Longitudinal dropouts and sporadic return visits can make statistical analysis in biomedical research studies more difficult. We examined a longitudinal study where we experienced multiple data collection issues but were also interested in studying correlated growth curves on a single underlying construct. This happens when the observational measurement tool changes over time, which frequently occurs when measuring the growth development in children. Our Bayesian hierarchical growth model accounts for all of these factors.

A Gompertz growth curve was used for both measurements, but the curves borrowed strength from each other by sharing specific model components. If a study subject has ample data on one of the tools then their individual data specifies the shape of the curve. If there are less data on one of the study measurements, then population level parameters guide the shape and location of the individual specific curve. Since the two curves share subject specific random effects the curves will move together even with small amounts of data.

This model instituted a maximum threshold whereas prior analyses using splines did not. The results here are consistent with what has previously been published regarding the relationship between speech perception scores and age at implantation, showing a long-term advantage for receipt of a CI prior to 2 years of age. In the prior analysis,¹⁶ the effect of age of implantation was marginal out to 15 years of age, at which point the variance became large enough to conclude no significant differences between the age groups. This analysis used chronological age at testing for the purpose of comparing the two groups at specific ages.

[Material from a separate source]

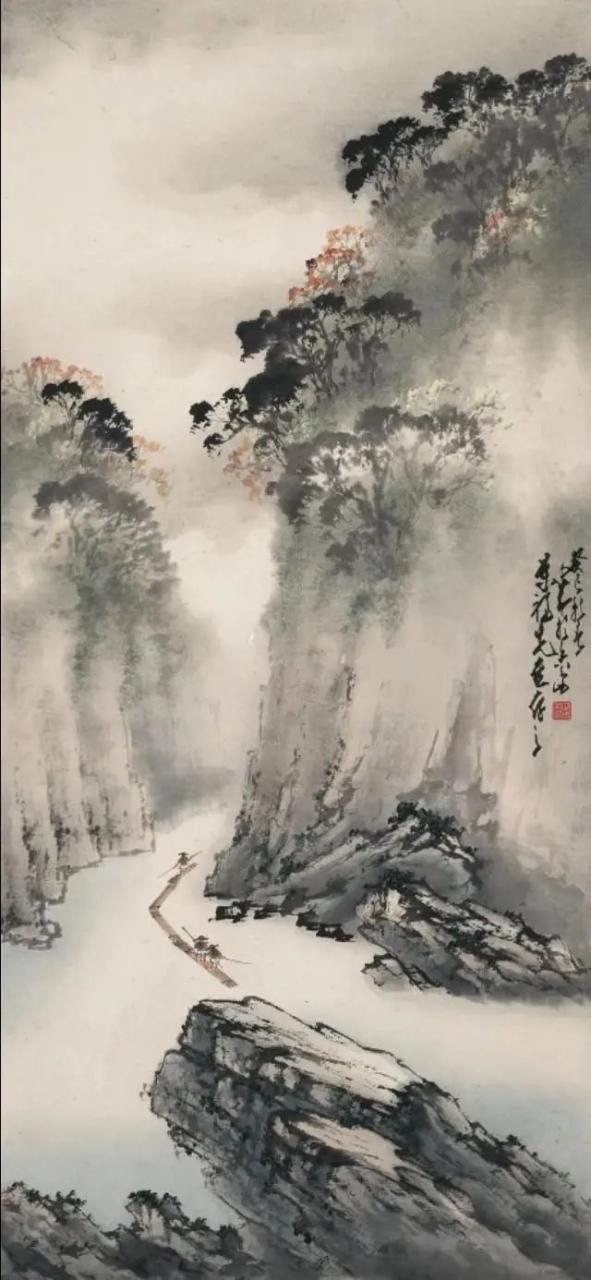 赵少昂山水画欣赏——霞光万丈、暮色氤氲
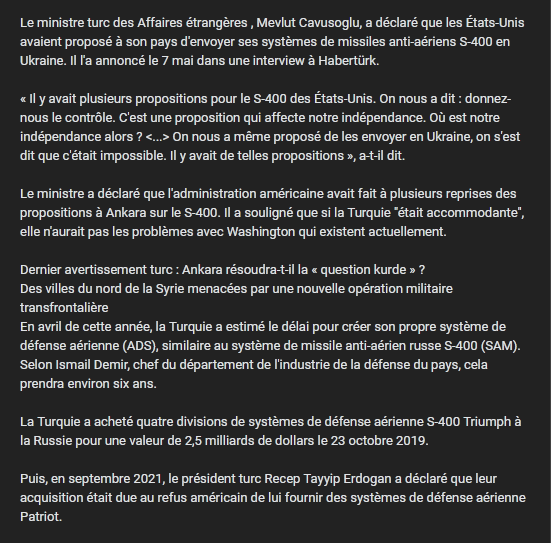 Vladivoscope's tweet photo. Le ministre #turc des Affaires étrangères , Mevlut #Cavusoglu, a déclaré que les États-Unis avaient proposé à son pays d'envoyer ses systèmes de missiles anti-aériens #S400 en #Ukraine. Il l'a annoncé le 7 mai dans une interview à #Habertürk.
https://t.co/FHTEGpbKvr https://t.co/HN7FxyeCvL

The construct being measured is fairly clear cut and the task is expected to asymptote as this ability should be constant over time so long as the device is working the same. The interesting clinical questions become why do we see growth, and when and where does the growth end? The value of this analytical method is that it allows us to address these questions by measuring the entire longitudinal growth curve. So now, we can take these data and explore what accounts for the growth. This value underscores the multilevel analytic potential, where we can incorporate possible explanatory factors that may account for this growth. Such an approach will accommodate the adjustment of important covariates in biomedical studies.

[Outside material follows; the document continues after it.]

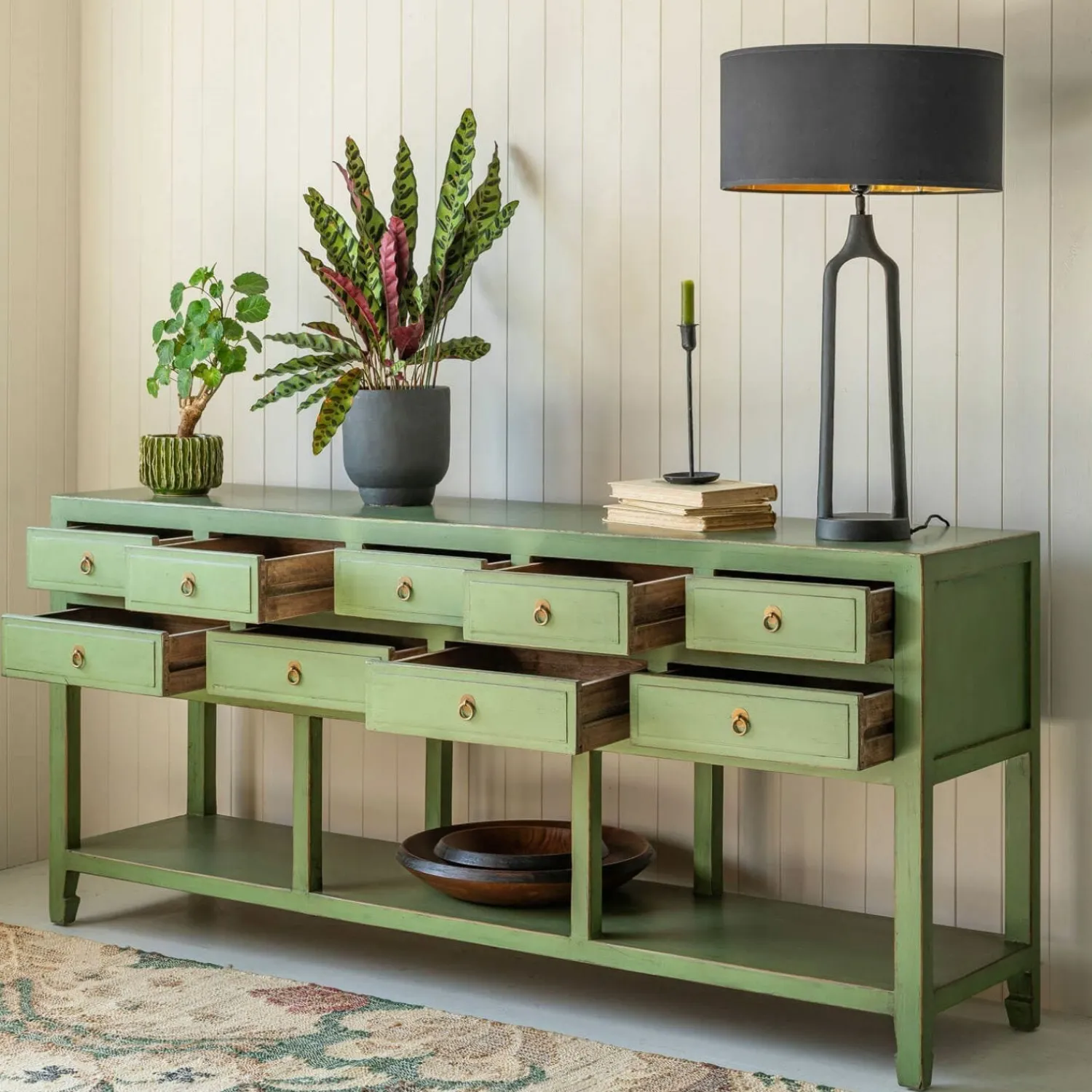 Graham & Green Leshan Nine Drawer Jade Sideboard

The individual specific curves allow us to predict one score from the other. These predicted scores can be used to have one measurement tool across the entire study period. Some researchers may prefer this method so that only one model is required rather than having the two correlated growth curves. Although practitioners may prefer a more simplistic imputation where they adjust one score by adding or multiplying by a constant, we prefer the model-based approach.